Afrocerura cameroona

Scientific classification
- Kingdom: Animalia
- Phylum: Arthropoda
- Class: Insecta
- Order: Lepidoptera
- Family: Notodontidae
- Subfamily: Notodontinae
- Genus: Afrocerura
- Species: A. cameroona
- Binomial name: Afrocerura cameroona (Bethune-Baker, 1927)
- Synonyms: Cerura cameroona Bethune-Baker, 1927; Cerura thomensis Talbot, 1929;

= Afrocerura cameroona =

Species of moth

Afrocerura cameroona is a moth in the family Notodontidae first described by George Thomas Bethune-Baker in 1927. It is found in Cameroon, the Democratic Republic of the Congo, Gabon and São Tomé & Principe (São Tomé).

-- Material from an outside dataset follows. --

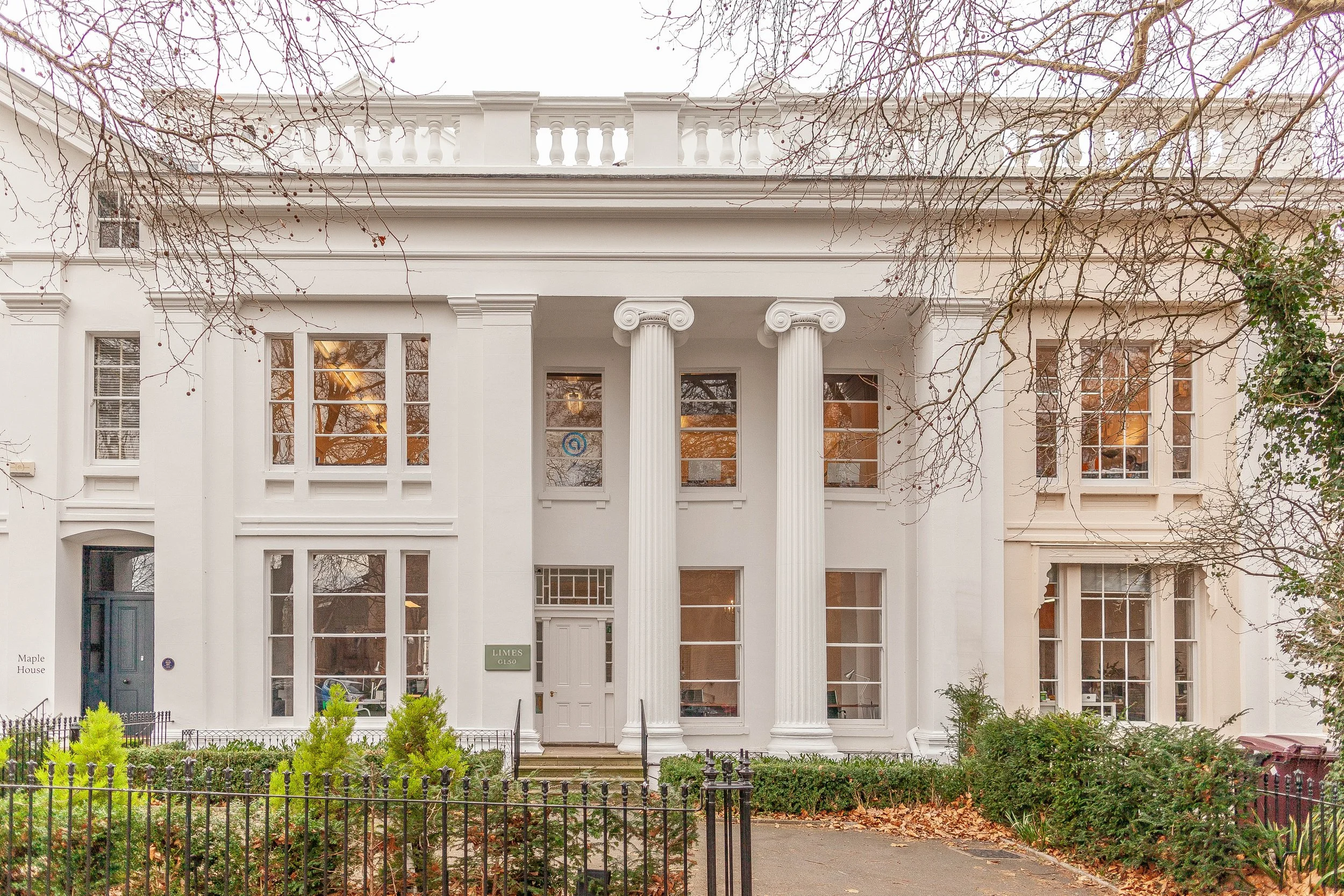 White neoclassical house with three prominent columns at the entrance, multiple windows, and decorative railing on the balcony. There are leafless trees with some red berries and a small garden with a black iron fence in the front.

The wingspan is about 60 mm. Both wings are shining snow white, with a few black markings. The forewings have a trace of an oblique interrupted black dash in the fold and a trace of a median interrupted line, visible as a small black costal mark. There is also a trace of another line in the cell, and a fair sized mark on the inner margin. There is a trace of two very short black costal dashes beyond the cell, followed by a black wedge-shaped costal mark. A bare trace of a black subterminal line is mainly noticeable by a fair sized black mark on the inner margin almost in the tornus. The hindwings are uniform white.